Thursday, 4 September 2014

Lieberals are now the "new radicals"

It's clear. Australians don't want this gov's agenda. From fucking over the poor to fucking over the workers, Australians once again find themselves on the defensive against a Lieberal gov that wants to radically change the sort of country Australia is; one that cares about and wants to help the unfortunate, and one where you can get a fair wage that you can live off. Once again, a Lieberal gov is attacking those things that ordinary Australians hold dear. I'd have to say though that this latest Abbott attack is fuckin out there man. Really wacked out. Indefensibly ignorant.

I understand completely this article from a Shaun Crow of the ANU, who brings up these issues. Naming Hewson, Howard, and Hockey now all in the same boat. Hewson lost the un-losable election against Keating, Howard lost his gov and his seat, over trying to change Australia's economic system to favour the rich. Australians have been rejecting bullshit like the Abbott gov's present attacks on our being egalitarian for decades now. 

These nitwits just seem to keep trying and trying even when we say no at the polls over and over.

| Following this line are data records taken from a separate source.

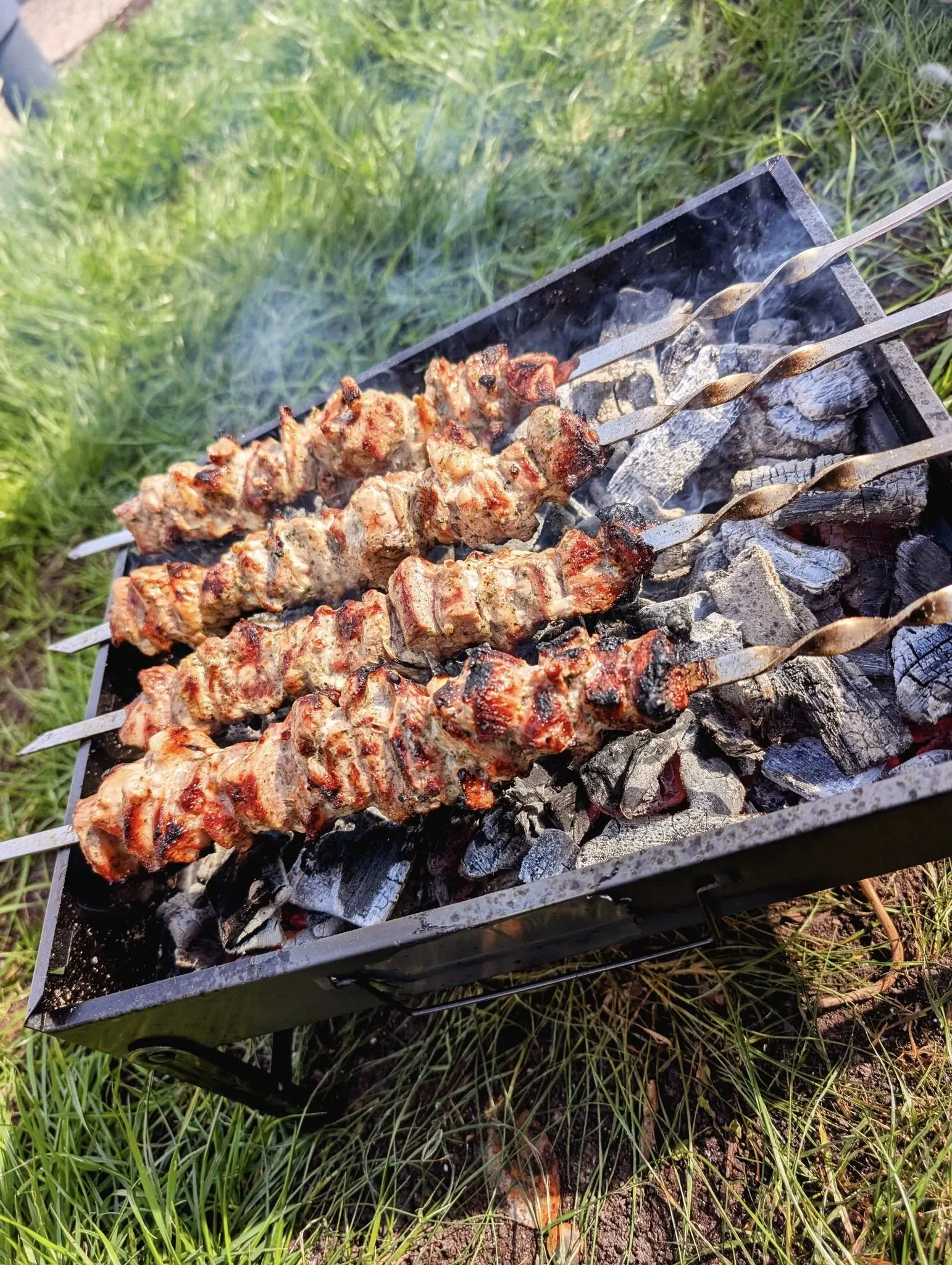 Kiaulienos sprandinės šašlykas alaus - garstyčių marinate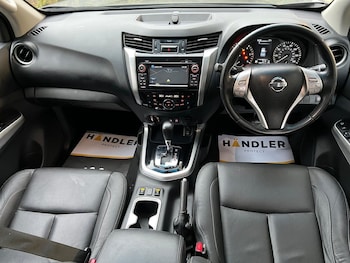 Used Nissan Navara 2018 for sale - 77683956: Photo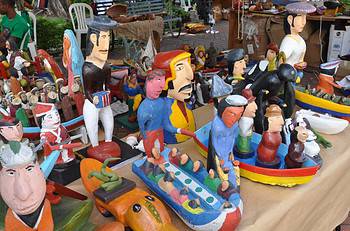 Cientos acuden a la Feria Nacional de Artesanía  2011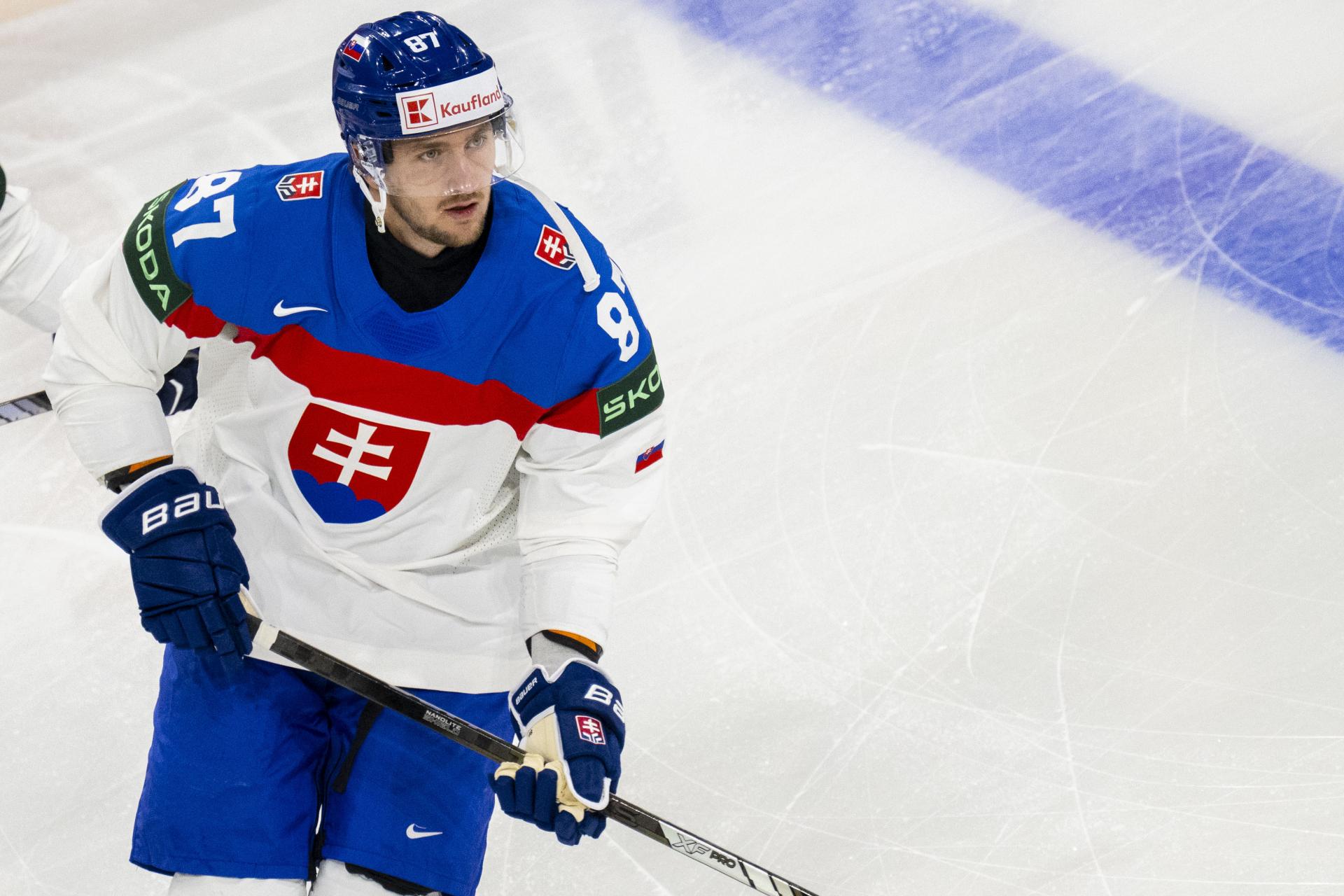 Regenda dal v AHL prvý gól v tejto sezóne, skóroval aj Chromiak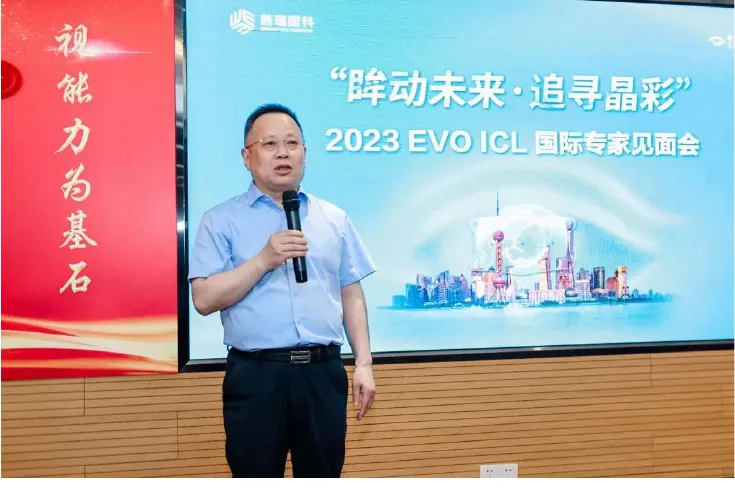 Hospital representative introducing the 2023 EVO ICL international expert meeting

We don't want that, they don't get that. We've never wanted that, they don't get that. The Lieberals are no longer "conservatives", they're radical ideologues who will clobber the poor and workers with said ideology. Apparently this ideology agrees that catholic christians should punish the poor and reward the rich. Like I said, fuckin out there man......
The political left is waking up to the fact that it might be now on the side of tradition. You can hear it in the language of its leaders. 

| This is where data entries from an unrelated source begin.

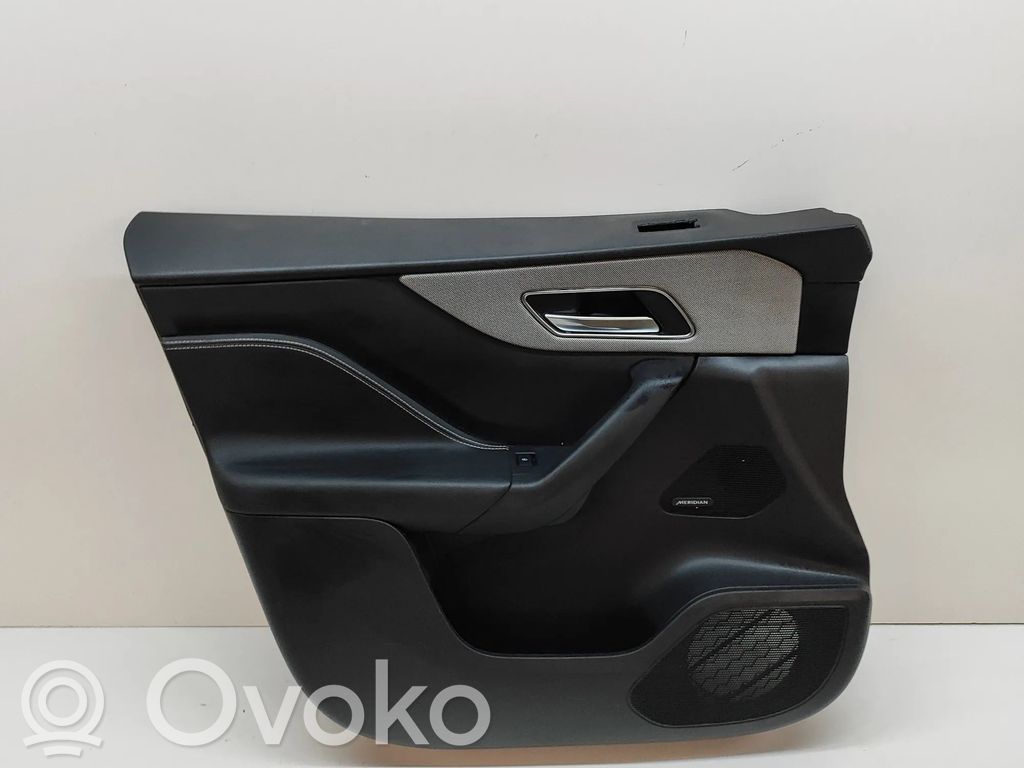 Jaguar F-Pace Etuoven verhoilu 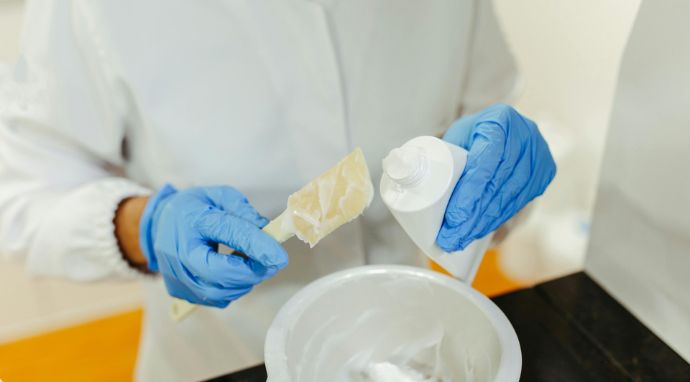 Preparación de una crema dermatológica dentro del programa de formulación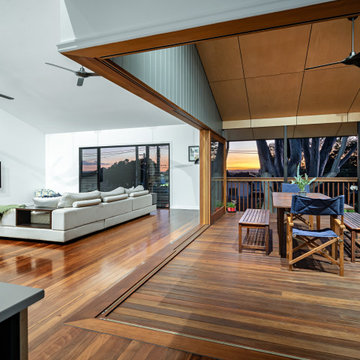 Manly, QLD renovation to capture city views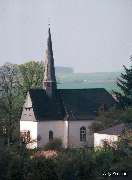 Evangelische Kirche Hungen-Obbornhofen - Evangelische Kirchengemeinde Obbornhofen - Die Obbornhofener Kirche wurde 1841/42 im barocken Stil erbaut, der Chorraum ist wesentlich älter (13. Jahrhundert, 1489/90 aufgestockt samt Chorturm als Dachreiter). Reno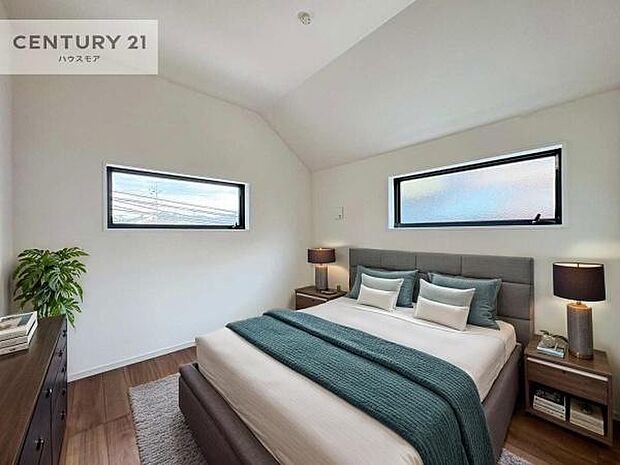 家具はCGパースです。優しい光が差し込む洋室は、朝の目覚めも気持ちが良さそうですね。おうち時間もゆったりと過ごすことができます。優しい色合いのフローリングがどんな家具にもマッチします！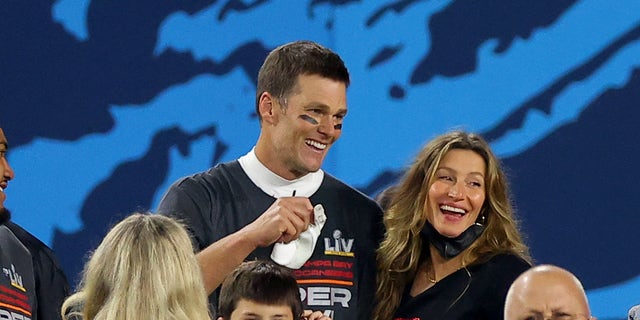 Tom Brady and his family, including now ex-wife Gisele Bündchen, celebrate on the field after his 7th Super Bowl win.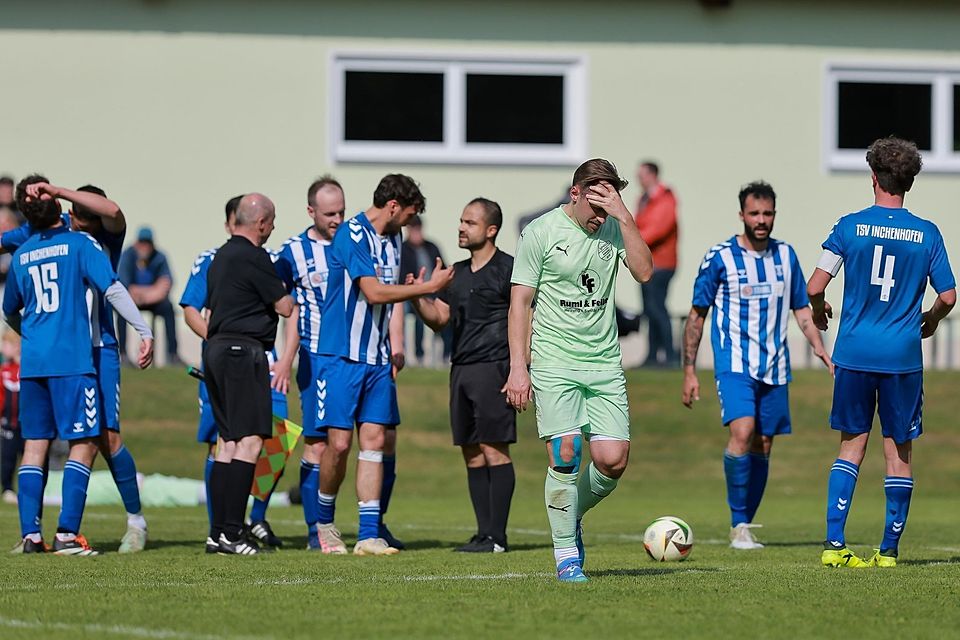 Jubel und Enttäuschung: Während die Akteure des TSV Inchenhofen den Sieg im Spitzenspiel bejubeln, ist Joshofen-Bergheims Spielertrainer Joans Zeller (Mitte) sichtlich bedient. 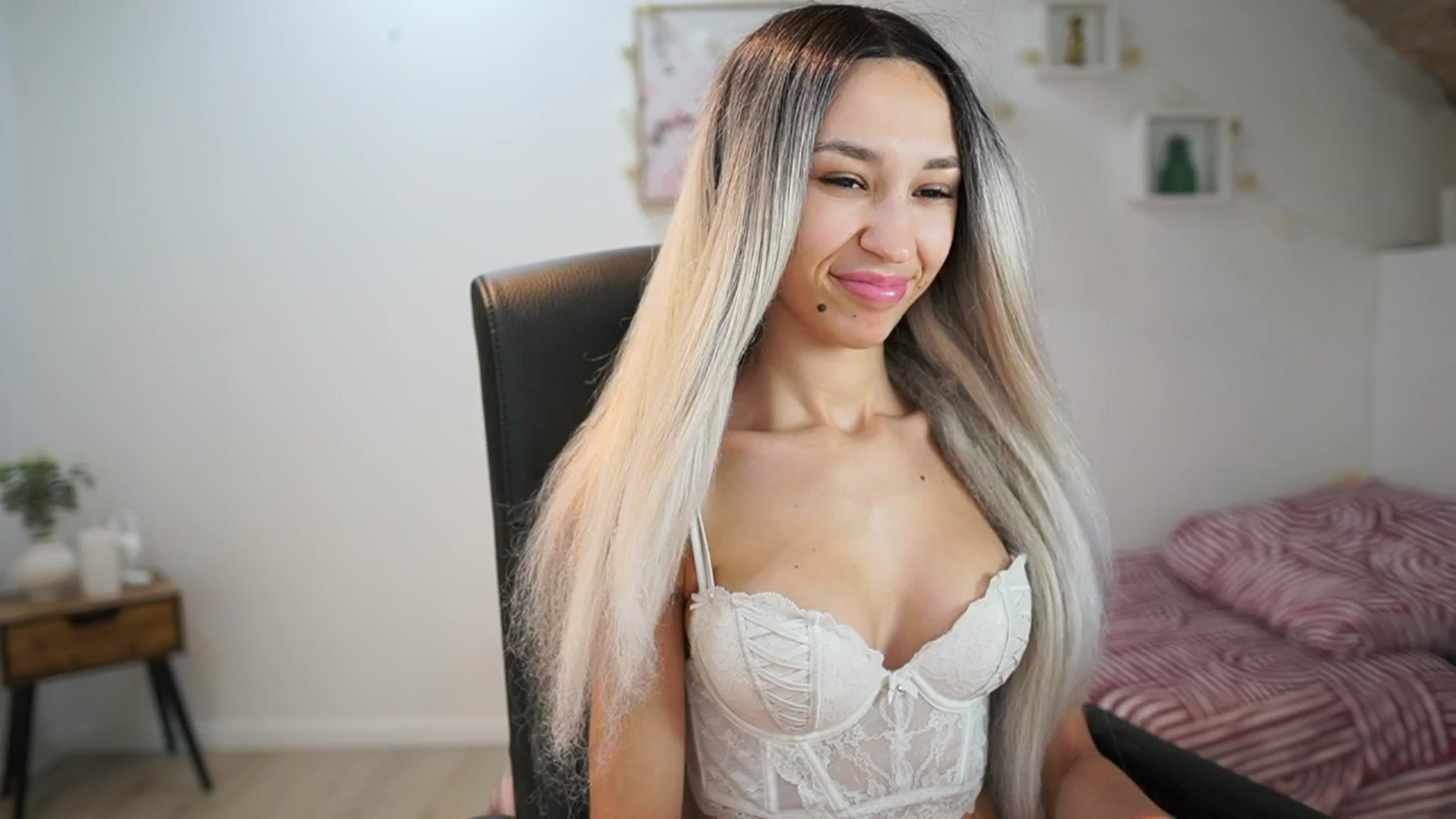 Gallery image thumbnail from Amai__Liu's myfreecams stream on, 06/30/2025, 21:00 image 9 of 20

Ged Kearney, head of the Australian Council of Trade Unions, described the budget as: "… nothing short of a savage assault on the Australian way of life and famous egalitarianism." 

Opposition leader Bill Shorten has variously accused the budget of being “unfair” and “radical”. 

It’s hard to reconcile the term “conservative” with these attempts to overturn and remodel traditional institutions. But when it comes to economic policy, preservation has never really been the goal. 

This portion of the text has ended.